Scooters taking a break, somewhere in Austin.

In downtown Austin, escooters litter the streets. People are careless about where and how they park them. They’re often vandalized, and even thrown into Lady Bird Lake. 58% of respondents in Zpryme’s study said they felt escooters are unsafe. These concerns are well founded, as a recent CDC study (conducted in Austin) found that 99% of people who were injured while riding an escooter were not wearing helmets. Most cities lack sufficient infrastructure to safely accommodate escooters – the CDC study found 50% of injuries were caused by poor road conditions. And with shelf lives of less than a year, just how environmentally friendly are they?[1]

With so many questions around the safety and business model viability, are escooters here for the long haul? I sat down with Julia Steyn, CEO of Bolt Mobility, to ask just that.

The eponymous Bolt Mobility (backed by Olympic multi-gold medalist Usain) launched in early 2019. Julia joined as CEO in December. Prior to Bolt, Julia was founder and CEO of Maven, an EV car sharing startup that spun out of GM.

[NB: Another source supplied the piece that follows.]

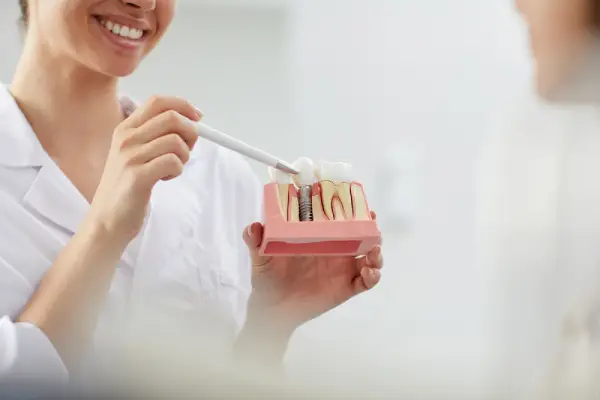 Tiempo entre extracción e implante dental: qué conviene esperar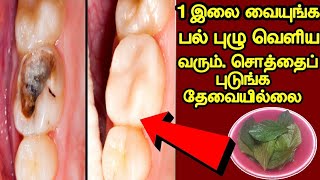 சொத்தைப் பல்லில் வைத்தஅடுத்த நொடியில் பல் புழு வெளிய வரும்100Result ❣tooth cavity in tamil [upl. by Anailuig370]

In the video, Julia mentions solving the problem of the last 50 yards (also often referred to as ‘the last mile’ problem). This seems to be the best opportunity for escooters to prove their worth. In a city like Austin that doesn’t have the most user friendly or robust public transportation system, escooters are a huge time saver (either getting from home to the bus stop or bus stop to final destination). On those 105°+ days, walking even less than a mile feels impossible. Having the option of a short scooter ride might replace a car trip on those days.

Stylish and eco-friendly Walking Area BEV (battery electric vehicle) from Toyota.

People who would benefit most from new technologies are often excluded from the conversation, but if escooters and other micromobility providers want to stick around, they should prioritize underserved communities. All of the major escooter companies do offer programs to serve low income populations or others who might be hindered by lack of a smart phone or bank account (Bird Access, Lyft’s community pass, Lime Access, Spin Access, Bolt Forward).

These companies should also work to serve people with disabilities who can’t ride the standard escooter. A great example is Toyota Tsusho’s Walking Area BEV line that includes micromobility devices for wheelchair users.

It’s a thrilling time to be studying mobility with the industry changing so rapidly and watching a glut of companies vying to find the most sustainable business model. It’s hard to imagine an Austin absent of escooters; to think they arrived less than three years ago is almost astonishing. I’m excited and curious to see how the micromobility landscape evolves over the next three years. For what it’s worth, I agree with Julia that escooters and other forms of micromobility can solve challenges around transportation and will be around for a while.

[1] Bolt claims a 2-year shelf life by designing scooters that have interchangeable parts and swappable batteries.